** Your instructions **
Set the pictures aside and transcribe exactly the lines from the one containing "Lan Khuê cho" through the final line of the records.

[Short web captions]
******

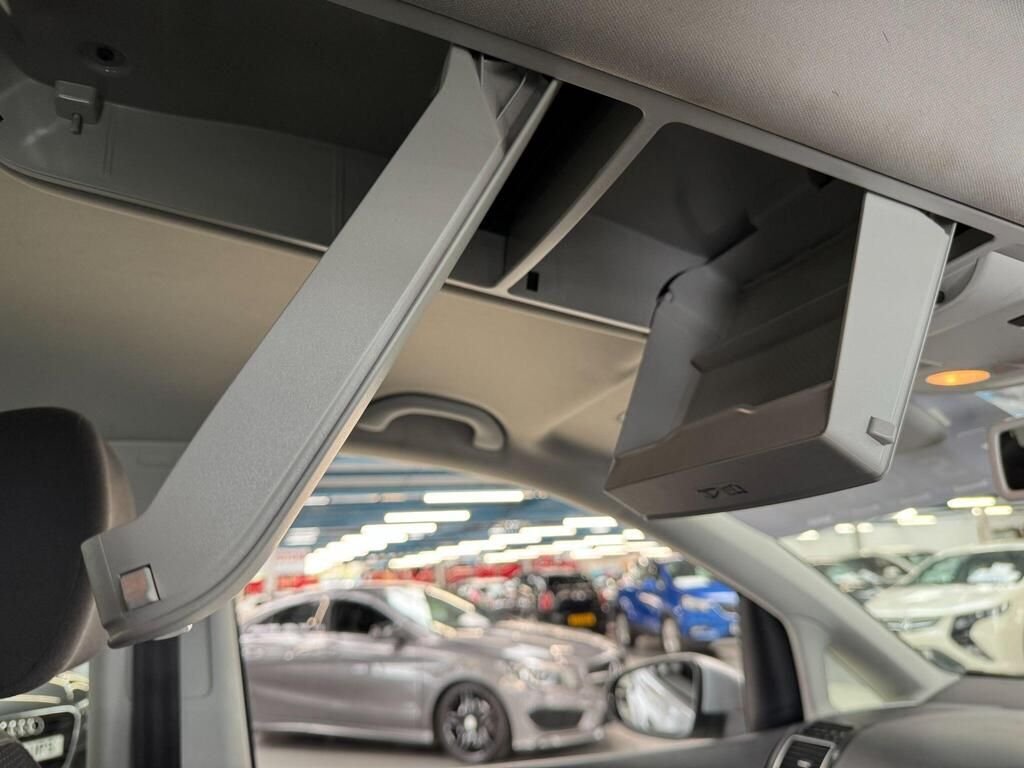 Used Volkswagen Touran 2012 for sale - 76776347: Photo 49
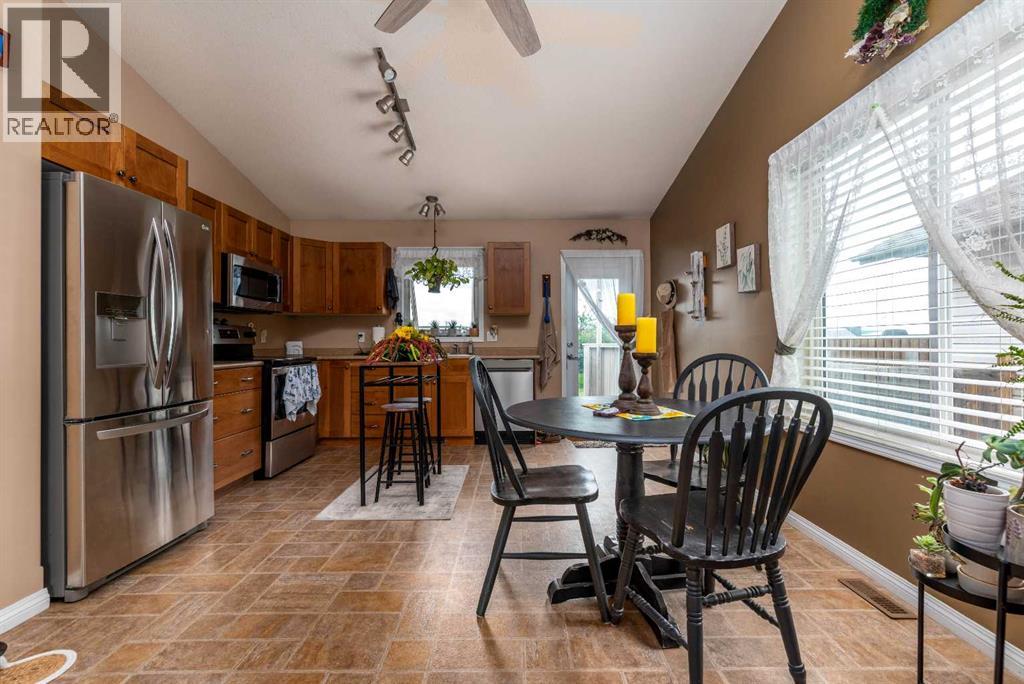 2205 51 Avenue - 6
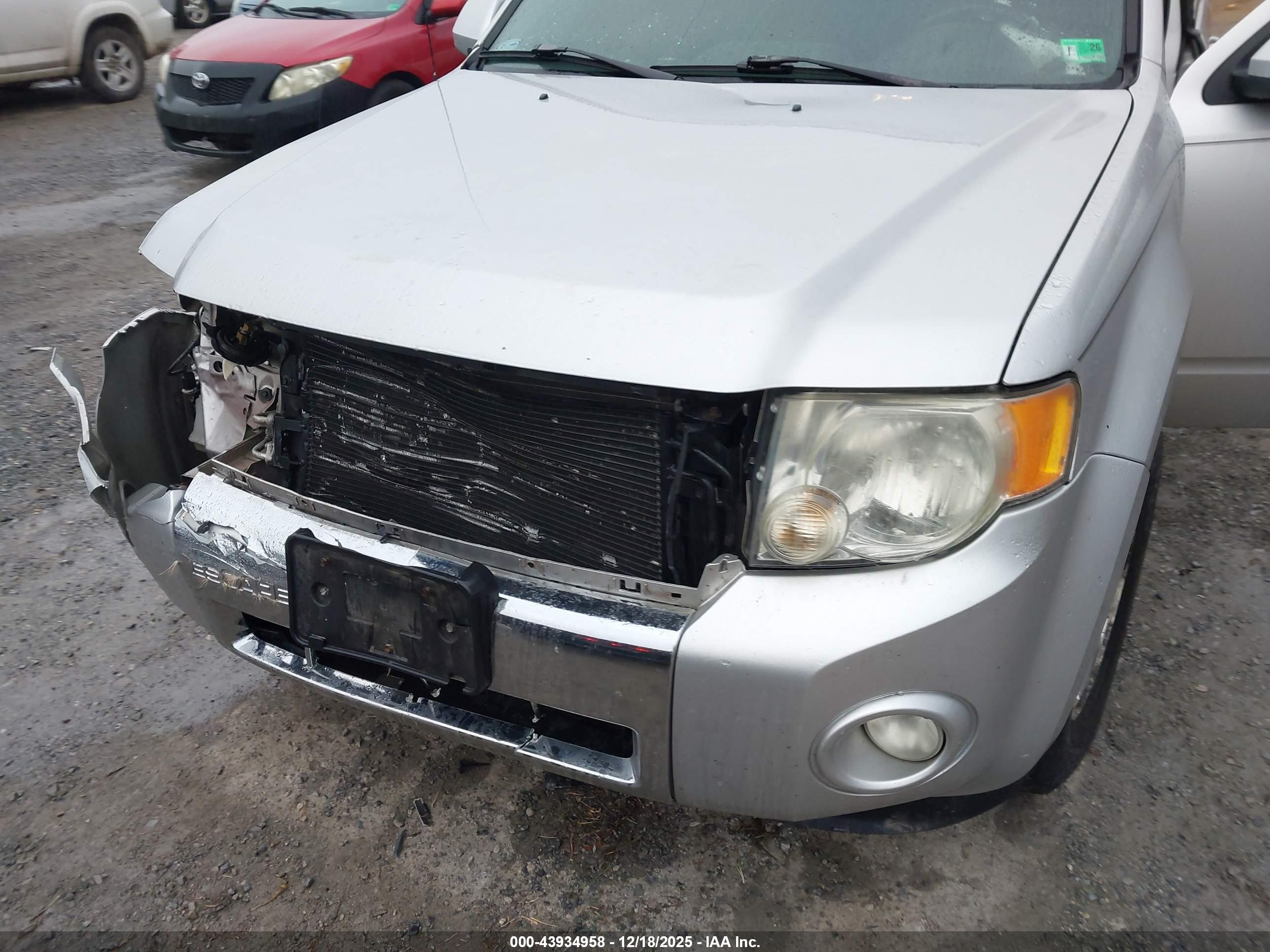 FORD ESCAPE image 6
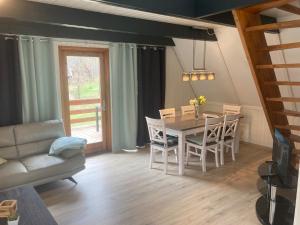 Maison de vacances Ferienhaus im Ferienpark am Twistesee - a47037 Zum Wiggenberg 105 34454 Bad Arolsen Hesse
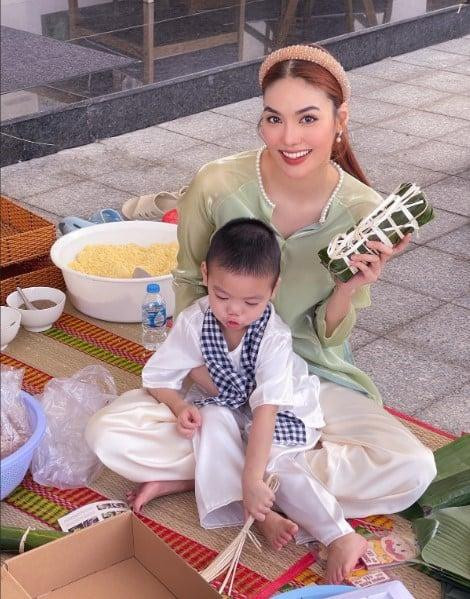 Lan Khuê cho biết, trước đây cô hạn chế chia sẻ hình ảnh của Connor vì muốn con lớn lên có một cuộc sống bình thường như bao đứa trẻ khác, không bị áp lực từ sự nổi tiếng của ba mẹ.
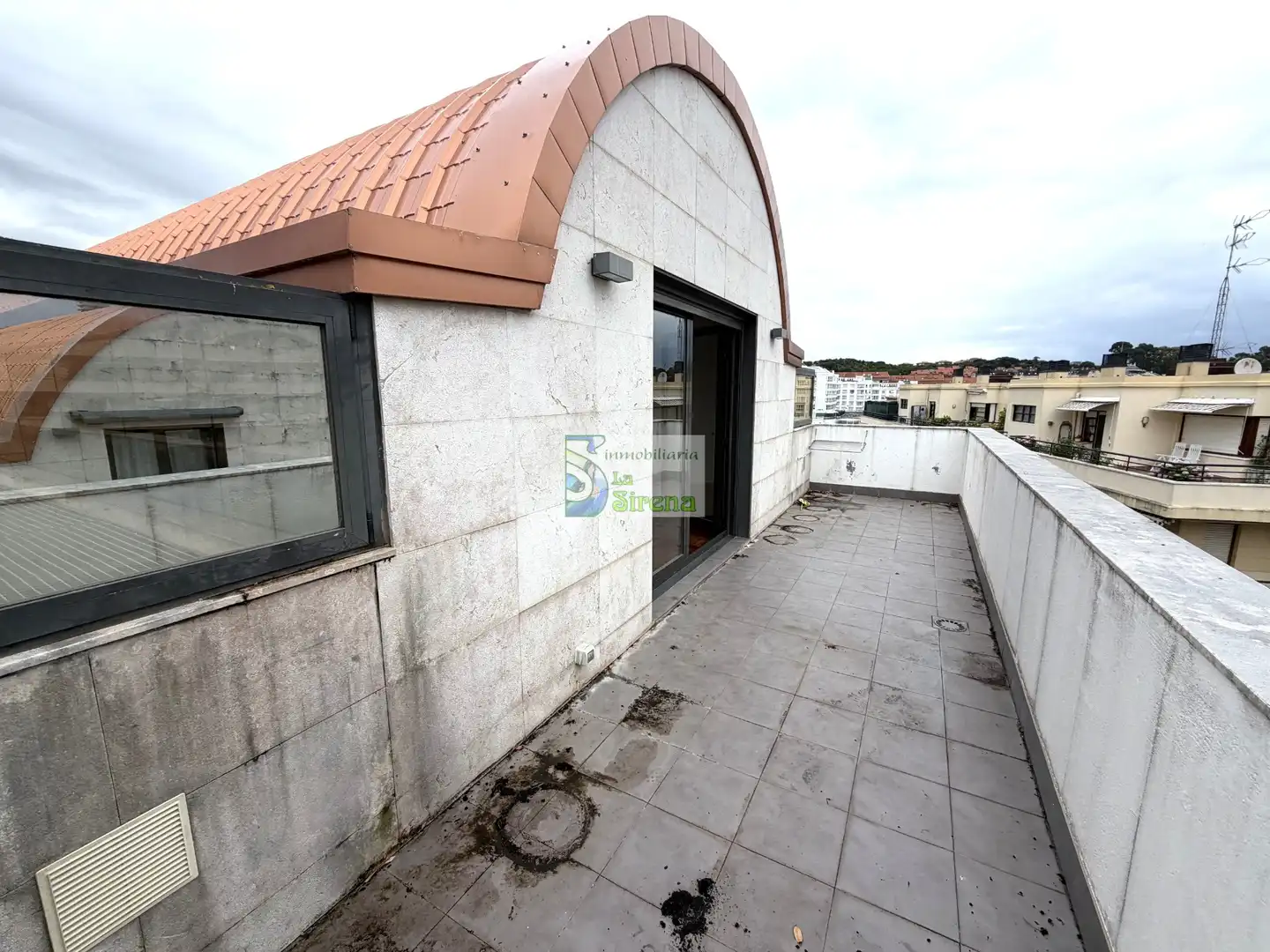 Terraza de Piso en venta en Castro-Urdiales con Calefacción, Terraza y Piscina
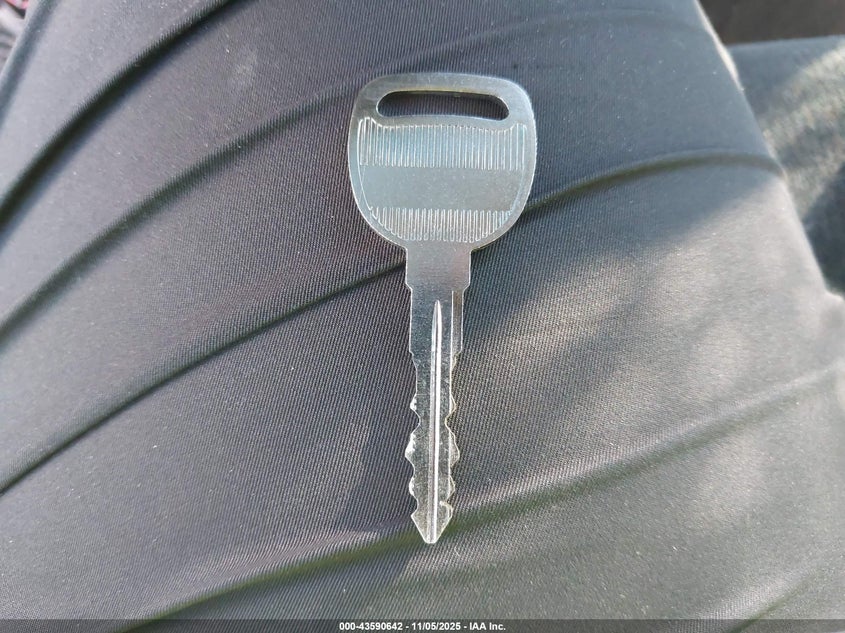 2001 GMC Sierra 1500 Sle VIN: 2GTEC19T811281759 Lot: 43590642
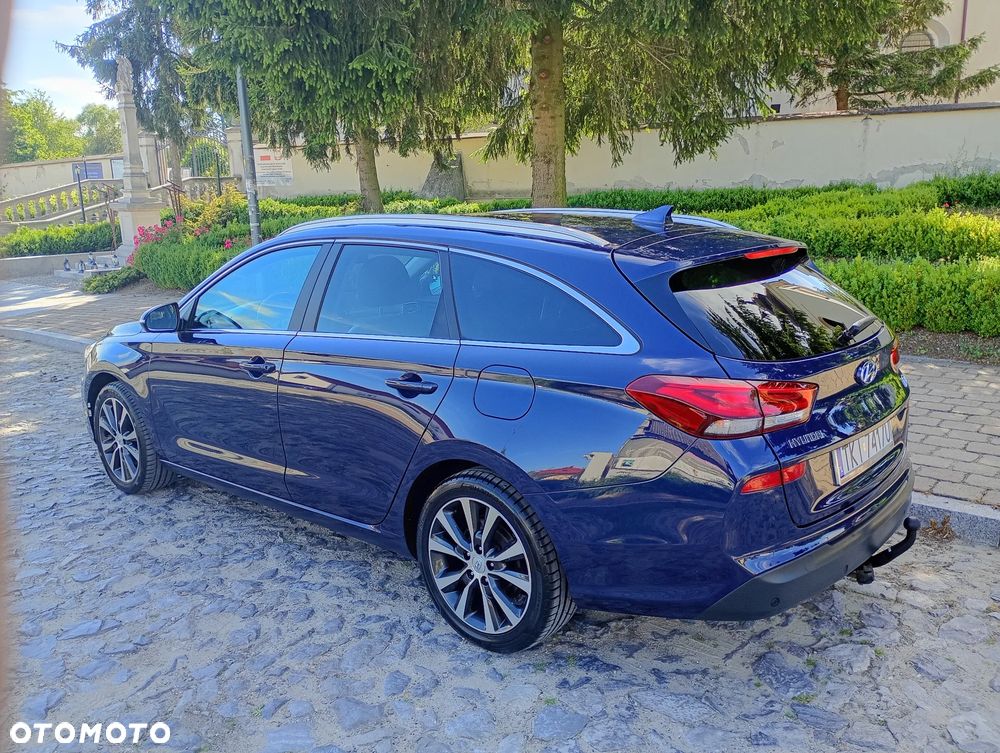 Hyundai i30 1.6 CRDI Premium - 4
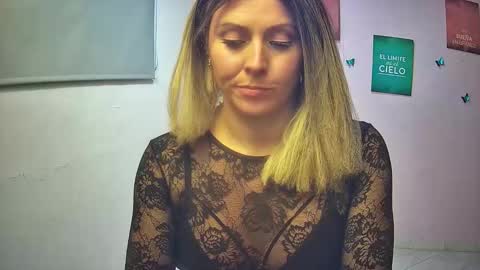 Hestesiaxx online show from November 6, 2:36 am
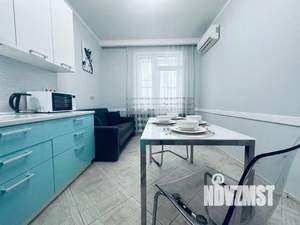 1-к квартира, посуточно, 55м2, 1/1 этаж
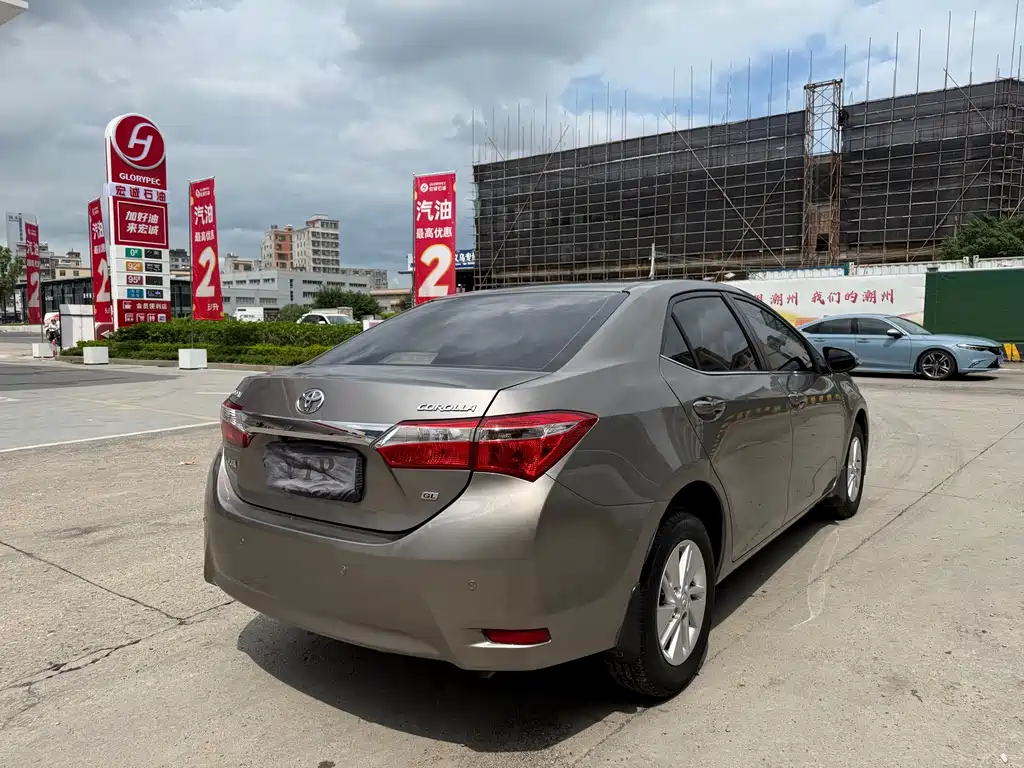 Toyota Corolla 2017 — фото 19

******

** Task response **
 Lan Khuê cho biết, trước đây cô hạn chế chia sẻ hình ảnh của Connor vì muốn con lớn lên có một cuộc sống bình thường như bao đứa trẻ khác, không bị áp lực từ sự nổi tiếng của ba mẹ.
 Terraza de Piso en venta en Castro-Urdiales con Calefacción, Terraza y Piscina
 2001 GMC Sierra 1500 Sle VIN: 2GTEC19T811281759 Lot: 43590642
 Hyundai i30 1.6 CRDI Premium - 4
 Hestesiaxx online show from November 6, 2:36 am
 1-к квартира, посуточно, 55м2, 1/1 этаж
 Toyota Corolla 2017 — фото 19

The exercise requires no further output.